(Aim of the task):
Give again, exactly and only, the lines running from the one with "Adaptor CAN ACV" to the end of the material below; leave out pictures.

(Dataset content):

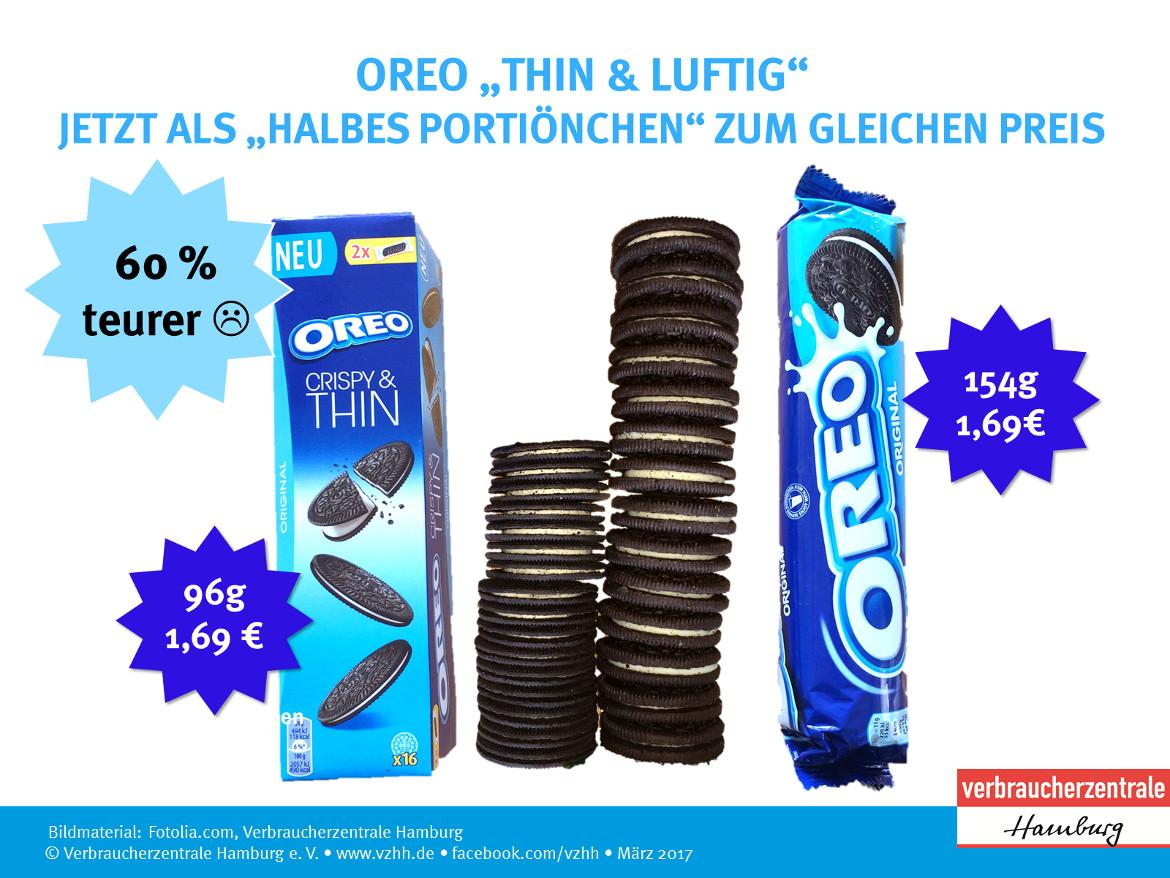 Preisvergleich von "Oreo" und "Oreo Crispy & Thin"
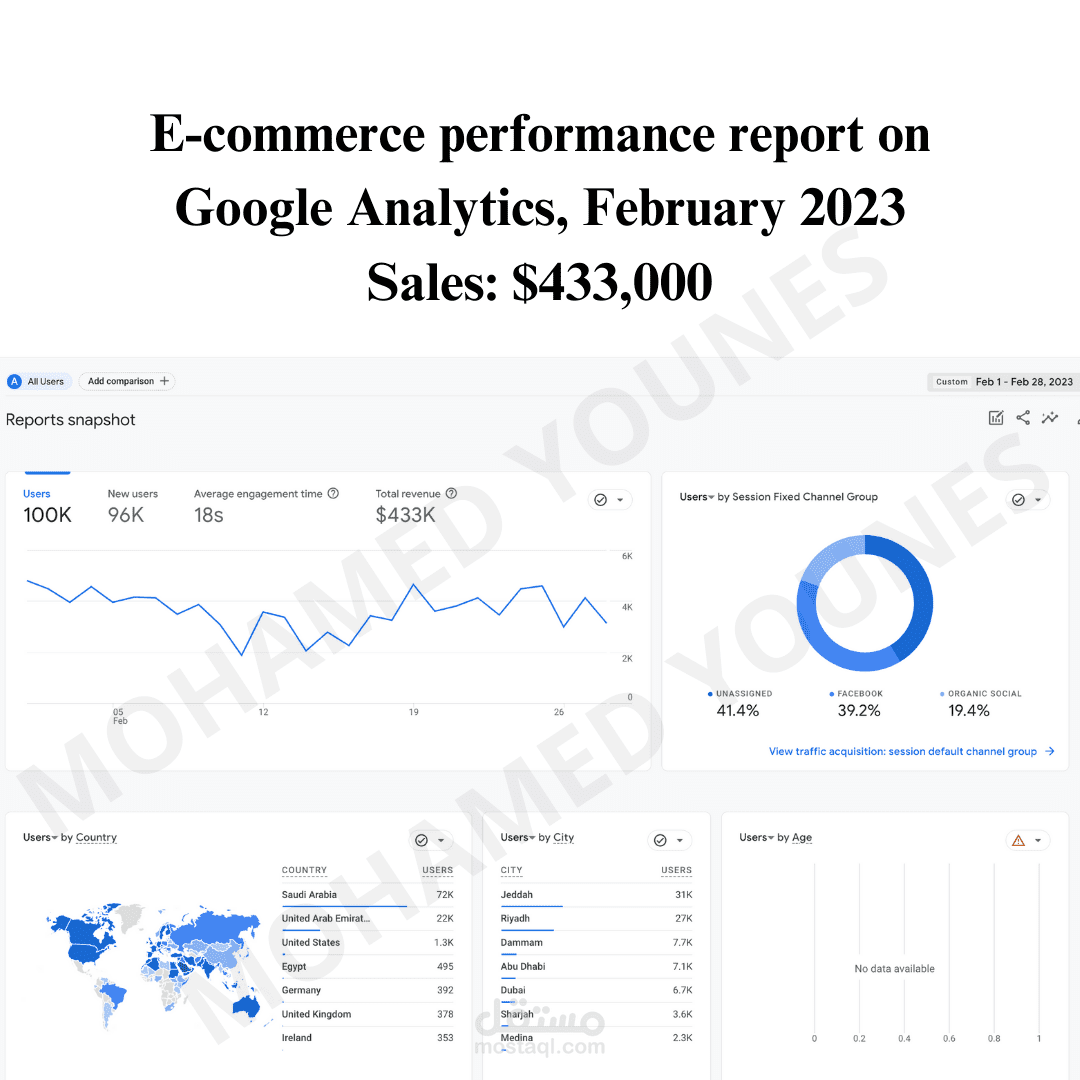 E-commerce performance report on Google Analytics, February 2023 Sales: $433,000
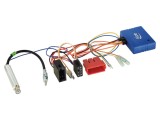 Adaptor CAN ACV 12-1321-46-15-0 pentru Audi DIN, ISO, mini ISO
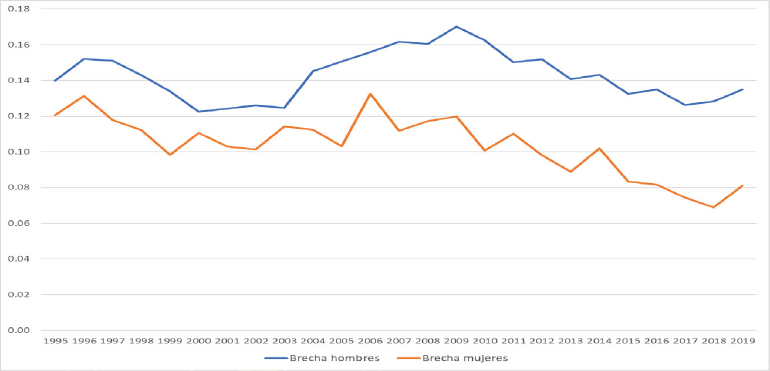 Brecha del &iacute;ndice de precariedad entre j&oacute;venes y adultos, por sexo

(Output of the task):
 Adaptor CAN ACV 12-1321-46-15-0 pentru Audi DIN, ISO, mini ISO
 Brecha del &iacute;ndice de precariedad entre j&oacute;venes y adultos, por sexo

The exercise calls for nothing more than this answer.